What to do:
Pictures are to be dropped, and only the lines from the one containing "Custom Made Modern" through the end of the data below are to be reproduced as written.

Given data:
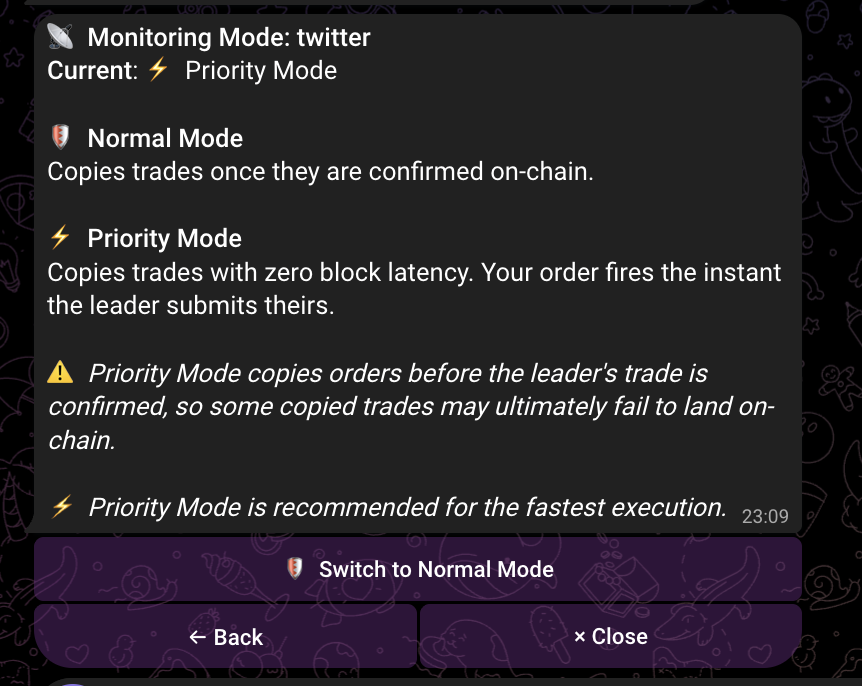 Normal or Priority monitoring Normal or Priority monitoring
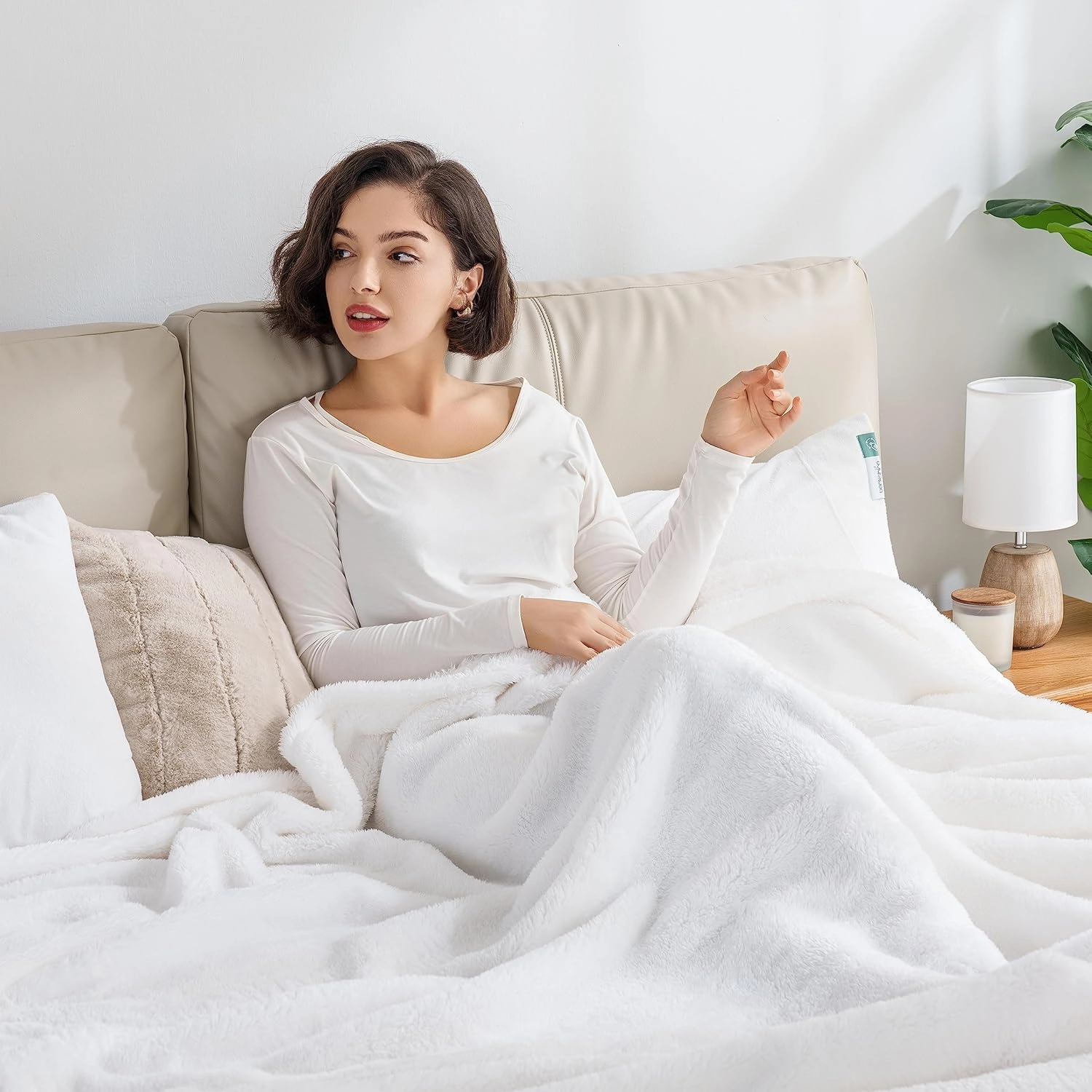 Berkshire Blanket Classic Extra-Fluffy™ Plush Blanket, Queen Size Bed Blanket, Soft Fuzzy Fluffy Long Hair Blanket for Couch Sofa Bed, True White, 90x90 Inches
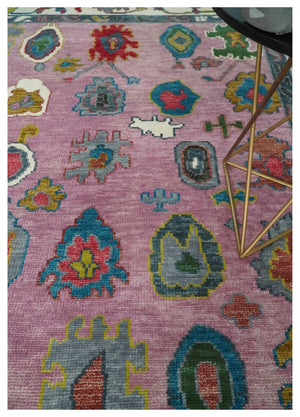 Custom Made Modern Oushak Pink and Ivory Hand knotted Wool Rug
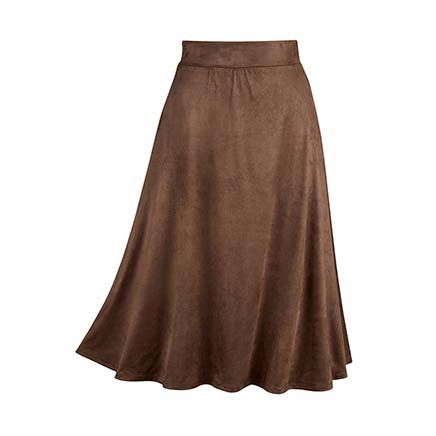 Faux Suede Full-Sweep Skirt-380450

Response to the exercise:
 Custom Made Modern Oushak Pink and Ivory Hand knotted Wool Rug
 Faux Suede Full-Sweep Skirt-380450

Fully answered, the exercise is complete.